# Games for Fall season



## naijai (Aug 19, 2006)

The holiday sesaon is almost here and we know this is when the biggest games are usually released 
My list for this year ( i am now relegated by the missus) 
GOW 3 
Halo CE Anniversary
COD MW3
(For some reason shooters relax me)

Other games i wish i could get 
Forza 4 
Battlefield 3 

So what's on anyone else's list ?


----------



## RasputinAXP (Jan 23, 2008)

Already have Forza 4 Ultimate Edition preordered.


----------



## dpeters11 (May 30, 2007)

I have only one game preordered: Skyrim for PC.

That'll last me a few years.


----------



## RReyes23 (Mar 27, 2011)

wanting 

gow3 

mw3


----------



## coldsteel (Mar 29, 2007)

Space Marine


----------



## mobandit (Sep 4, 2007)

MW3 & Skyrim for the XBox


----------



## Draconis (Mar 16, 2007)

I'm waiting for Torchlight 2 here.


----------



## Chuck W (Mar 26, 2002)

I'll probably pick up Skyrim(on the PC) as it looks pretty good.

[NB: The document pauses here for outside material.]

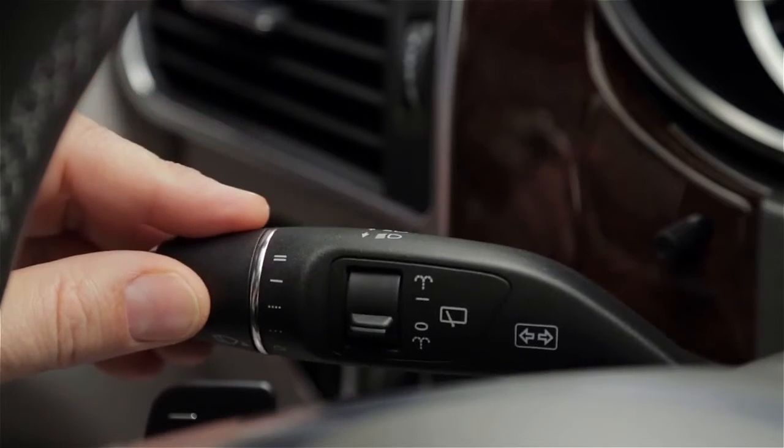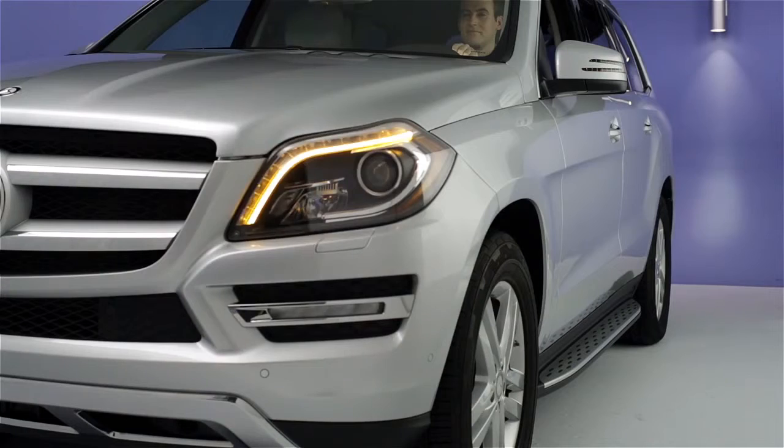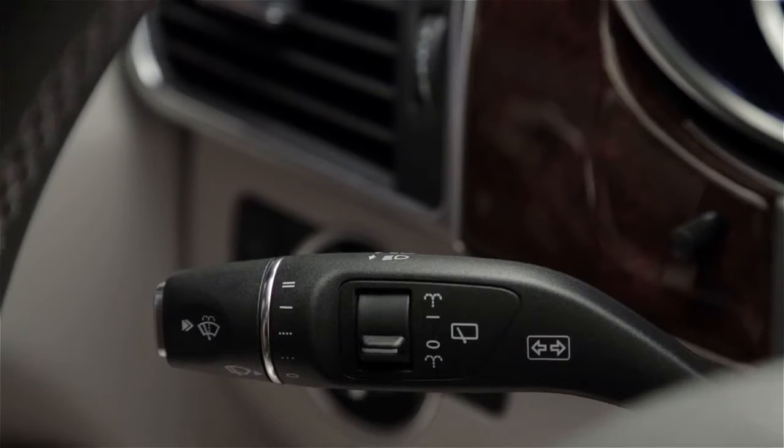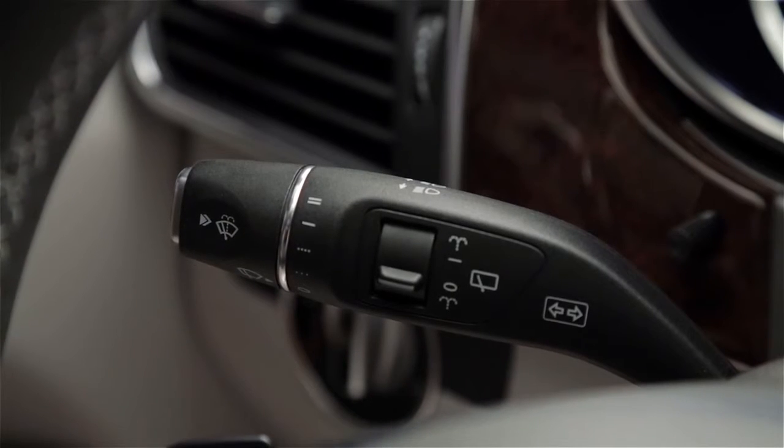If you move it past the point of resistance, the turn signal stays on. As you complete your turn, the rotation of the steering wheel returns the stalk to the off position and automatically cancels the turn signal.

I'm also waiting for Star Wars: The Old Republic(an MMORPG) due out December 20th. I like MMORPG but I've played World of Warcraft for WAY too long. It's time for a change.


----------



## dpeters11 (May 30, 2007)

Skyrim looks more awesome than I was thinking, can't wait.


----------



## ncxcstud (Apr 22, 2007)

11-11-11 is tomorrow!

Skyrim!

Uncharted 3: Drake's Deception is pretty fantastic too for those with a PS3.


----------